-->

Menyoal Sensitifitas Parpol dalam Pandemi

Oleh: Irmawati

Hiruk pikuk tahun-tahun penuh duka masih menyelimuti bumi ini melalui pandemi covid 19 yang belum usai. Begitupun di Indonesia, angka kasus perhari masih tinggi,hingga pemerintah masih menetapkan PPKM yang dimulai awal bulan juli 2021,hingga pertengahan bulan agustus masih berlanjut. Ditengah kondisi hari penuh harap ini tentu perlu adanya rasa saling perhatian satu sama lain untuk sama-sama mencegah dan menyudahi pandemi ini tentu atas berkat pertolongan Sang Kuasa. Tapi apa yang terjadi dengan para elit politisi dari partai-partai besar negeri dengan pengaruh besar di negeri ini mengenai sensitifitas mereka terhadap kondisi rakyat di tengah pandemi. Mereka terang-terangan tebar pesona untuk tahun 2024 dimana akan dilakukan prosesi pemilu penguasa yang seringkali penuh drama. Tanpa ragu dipasang baliho-baliho berukuran besar yang seolah tak ingin siapapun yang melewati jalan tersebut tak melihat wajah-wajah mereka yang berisyarat akan tampil sebagai pilihan di tahun 2024.

Media online kompas menerbitkan dalam artikelnya.  Sejumlah politisi yang terlihat masif wajahnya di baliho-baliho di antaranya ialah Ketua Umum Partai Golkar Airlangga Hartarto, Ketua DPP PDI-P Puan Maharani, Ketua Umum Partai Demokrat Agus Harimurti Yudhoyono (AHY), dan Ketua Umum PKB Muhaimin Iskandar. (Kompas.com 9 agustus 2021).

Sebagai politisi partai politik dengan pendukung yang besar tentu punya tanggungjawab besar dalam mengawal perbaikan ditengah rakyat, pasalnya mereka sebagai wadah yang menaungi rakyat tentu seharusnya menjadi paling tinggi sensitifitasnya untuk menuju keadaan yang stabil dalam negeri.
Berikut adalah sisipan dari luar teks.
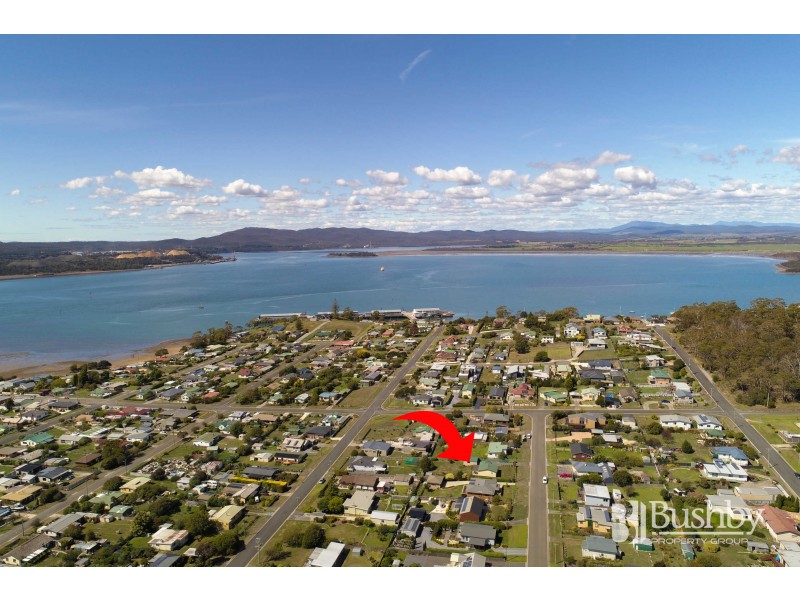 8 Ernest Street, Beauty Point TAS 7270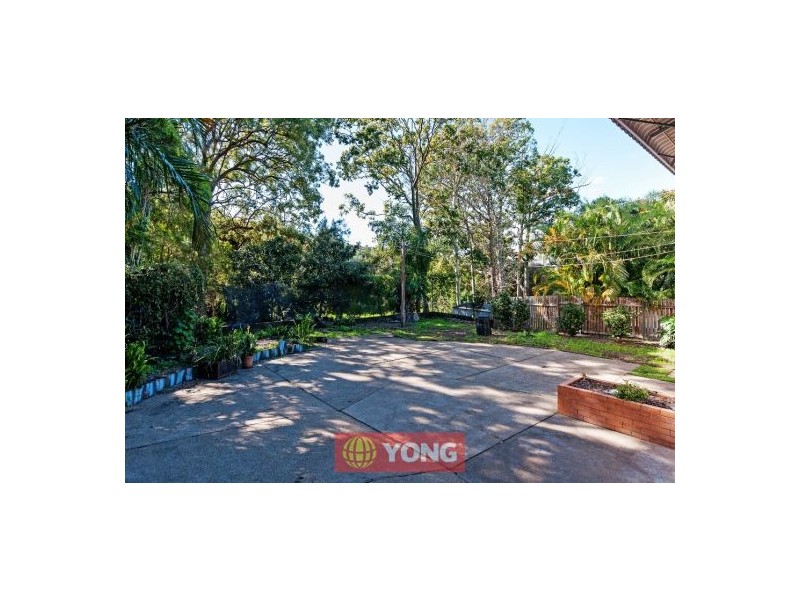 16 Laver St, Macgregor QLD 4109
Sebelum dan sesudah menerima amanah seharusnya mereka mengutamakan kebaikan dan perbaikan untuk rakyat. Namun inilah keadaan sebenarnya dari partai politik sekuler dalam sistem Kapitalisme,tidak ada pengorbanan gratis. Semuanya butuh balas jasa karena hidup itu berazaskan materi. Kerusakan pola pikir tentang konsep ini adalah asas sebuah hancurnya kehidupan berbangsa dan bernegara. Padahal materi yang sebenarnya sudah diberi cuma-cuma oleh Sang khaliq tentu bisa digunakan oleh semua makhlukNya,tentu dengan pengaturan yang sesuai petunjukNya.
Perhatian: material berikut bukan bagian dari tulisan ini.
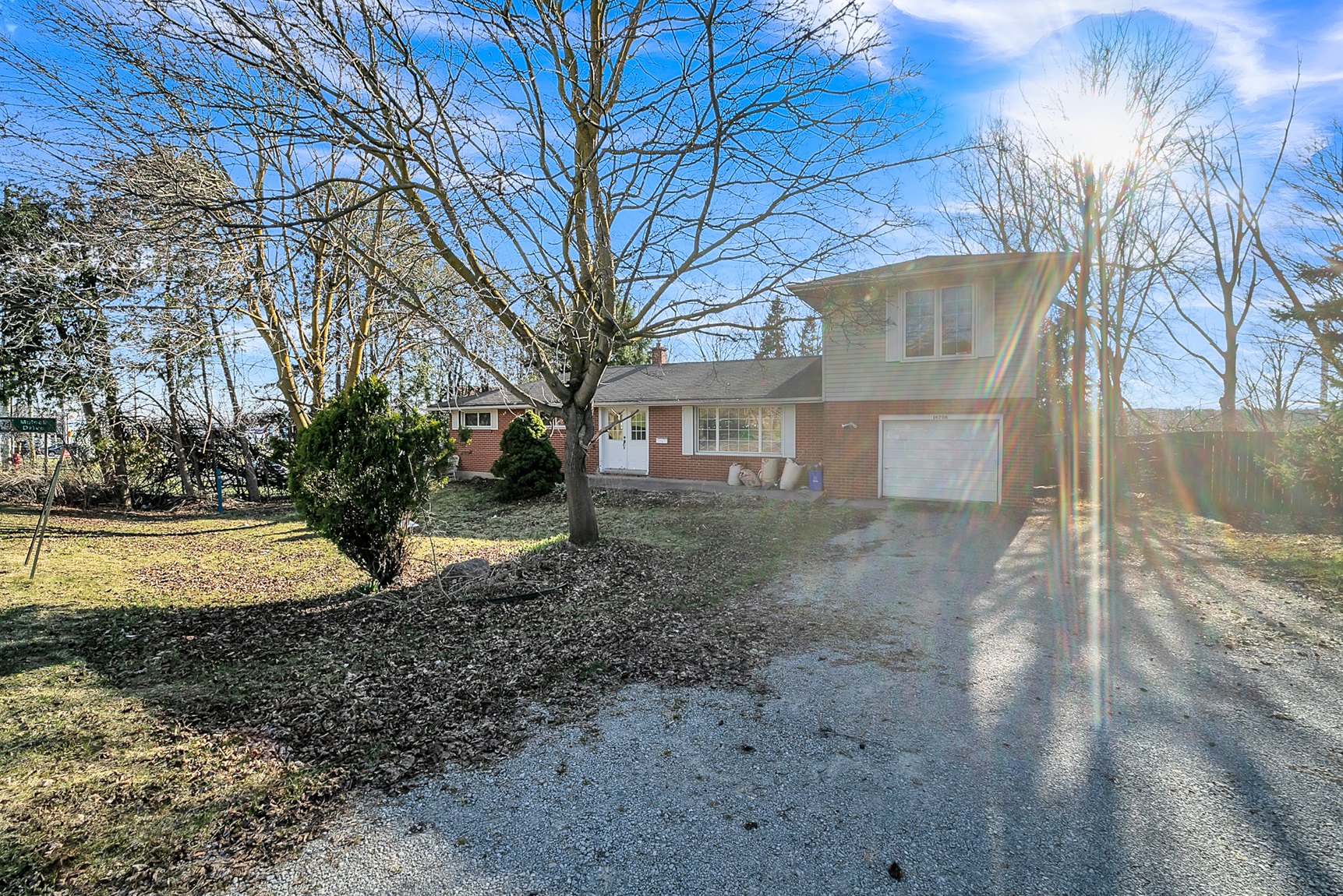 Existing conditions at 16756 and 16764 Bayview Avenue.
Namun inilah yang terjadi dalam kehidupan hari ini, dimana hakikat sekulerisme yang mereka agungkan yang berarti tak usah ada campur tangan Sang Khaliq karena mereka ingin berkuasa tanpa aturanNya. Pengurusan rakyat hanya cukup pencitraan saja, mereka perlihatkan dalam kondisi ini dimana dibutuhkannya sensitifitas untuk keluar dari permasalahan rakyat mereka justru tetap melancarkan agenda kesempatan untuk berkuasa.
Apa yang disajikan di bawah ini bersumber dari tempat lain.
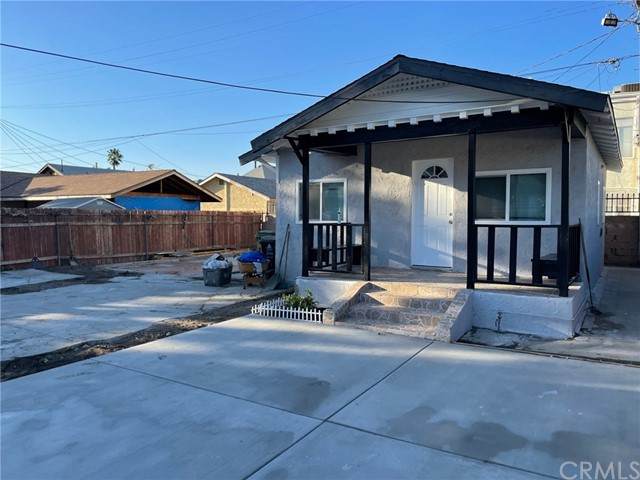 795 47 Street - Photo 1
Kini sudah saatnya semua rakyat buka mata lebar-lebar dan buka telinga tentang kita perlu para pemimpin yang terdepan dalam mengajak manusia taat petunjuk Sang Khaliq dan juga terdepan dalam mengatasi permasalahan rakyat sebagai bentuk dedikasinya. Akan sulit ditemui, namun ini tidaklah mustahil karena Sang Khaliq telah memberi petunjuk untuk itu semua melalui Ajaran Islam. Wallohu'alam bishshowwab.